From the Ancient World to the End of the Middle Ages
Political history in the West begins with two masterpieces: Herodotus’s history of the Persian Wars, written between 445 and 425 BC and Thucydides’s history of the long conflict between Athens and Sparta, which he began in 424 BC and left unfinished when he died a quarter of a century later. Products of the extraordinary burst of cultural energy that transformed fifth- and fourth-century BC Greece, Herodotus and Thucydides combined a deep sense of the importance of their own age – Herodotus wrote about the recent past, Thucydides about events in which he himself had taken part – with an awareness of the historian’s responsibility to establish the truth about the past. Both men reflected on the problems of historical research, the reliability of eye witnesses, and the necessity of critically analyzing source material. More than any particular way of writing history, this was their most significant legacy for future historians.
The study of history was more important in Rome than it had been in Greece, perhaps because Romans were always conscious of their complex historical relationship to the Greek culture that they had both vanquished and absorbed. Roman historians examined the problem of politics from a variety of perspectives; they wrote about leadership and institutions, military strategy and court intrigue, republican virtues, and imperial ambitions. But behind these disparate approaches was a common theme: the origins, triumph, and – eventually – the decline of the Roman state, which, as republic and empire, dominated the public life of the Mediterranean world for 700 years and then continued to haunt Europeans’ historical imagination until well into the nineteenth century.
The emergence of Christianity and its adoption as the Roman Empire’s official religion transformed all of Western culture, including both politics and history. Christianity’s most immediate contribution to political historiography was to pose the problem of church and state, which would decisively shape the theory and practice of European politics from the end of the Roman Empire to the beginning of the twentieth century. Unlike the pagans whom they displaced or the Hebrew traditions upon which they built, Christians created religious institutions that were connected to, but not coincident with, the sources of political authority. “Spiritual and secular power,” Ranke (1962) wrote, “could approach one another and be intimately related, but they could be fused only under exceptional circumstances and for a brief period of time.
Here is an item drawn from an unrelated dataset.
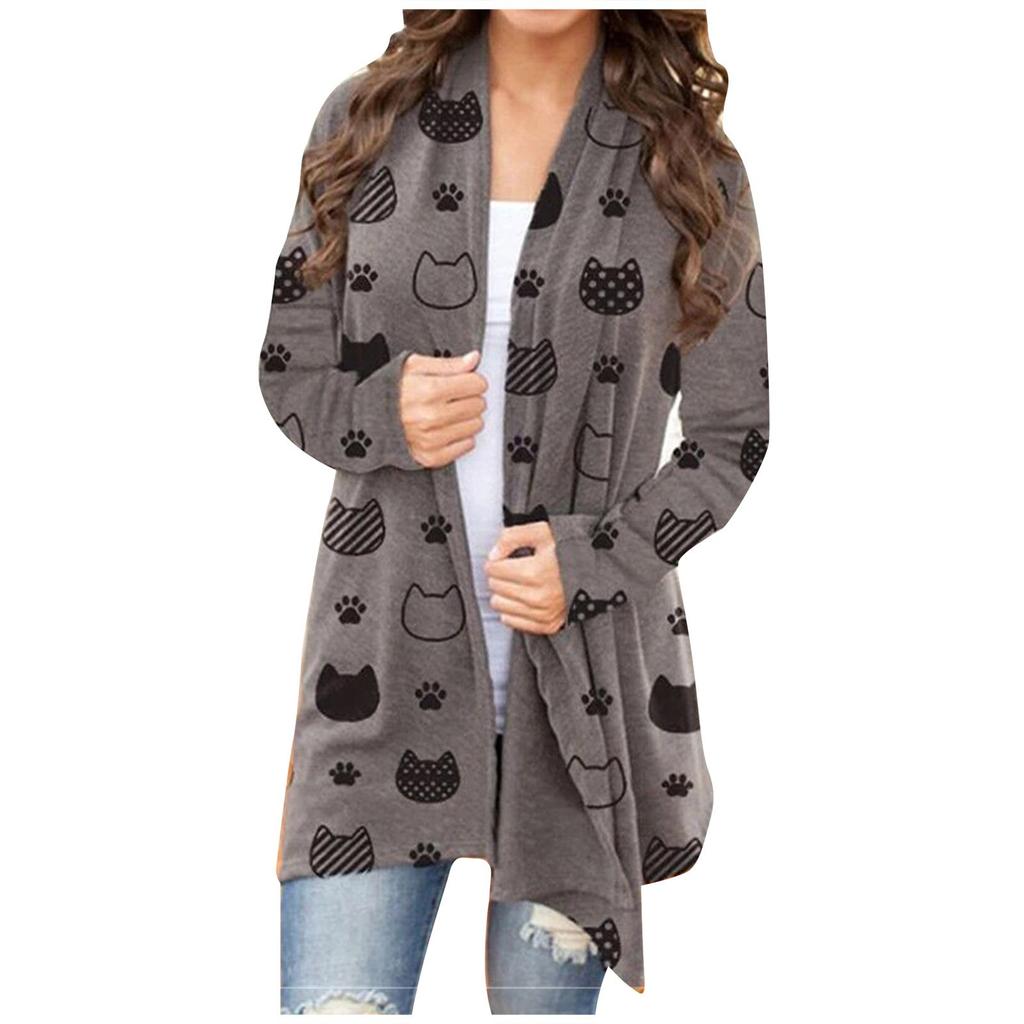 Dámské halloweenské topy pro volný čas Košile s otevřeným předním dlouhým rukávem s volným splývavým lemem cardigan kabát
Their relationships and conflicts provide one of history’s most important themes.” From Eusebius’s history of the church, which reflected the triumph of Constantine’s conversion at the beginning of the fourth century, to Otto of Freising’s twelfth-century chronicle, The Two Cities, which described the conflict between empire and papacy, to Ranke’s own history of the popes, which bore the marks of nineteenth-century’s struggles between church and state, historians searched the past for clues to the proper relationship between God and Caesar, pope and emperor, altar and throne, religious autonomy and secular authority.
History and the State
Beginning in the 1490s with the French invasion of the Italian Peninsula, a series of international, constitutional, and religious crises disrupted European politics and helped to create a new subject for political history. This subject was, in Quentin Skinner’s (1978) concise summary, “the concept of the state – its nature, its powers, its right to common obedience.” The concept of the state emerged from the dissolution of two closely connected assumptions that had shaped European political thought since Augustine: first, that the secular realm of politics had to be seen as part of a sacred order; and second, that Europe’s components – its free cities, ecclesiastical states, and various monarchies – were part of a single polity, governed by the universal laws of the church and sustained by the institutional legacies of imperial Rome. A good deal of medieval political theory and practice had been devoted to reconciling these assumptions with the stubborn realities of political life; in the first decades of the sixteenth century, Europeans began groping their way toward new ways of thinking about politics – and, therefore, toward a new kind of political history.
One of the first signs of this can be found in the work of Niccoló Machiavelli. As a Florentine who had been forced into exile by the collapse of his city’s constitutional order, Machiavelli felt the political crisis of the early sixteenth century at first hand. In The Prince and The History of Florence, Machiavelli sketched a political world that Thucydides would have recognized immediately, a world driven by struggles for power, beset by violence, subject to forces that are often beyond human capacities to control. A similar picture emerges in the work of Machiavelli’s fellow citizen and contemporary, Francesco Guicciardini, whose histories provide an even darker picture of instability and violence. But however limited people’s ability to control events, history, for both Machiavelli and Guicciardini, was a totally human enterprise, untouched by the hand of God, unfettered by a transcendent order.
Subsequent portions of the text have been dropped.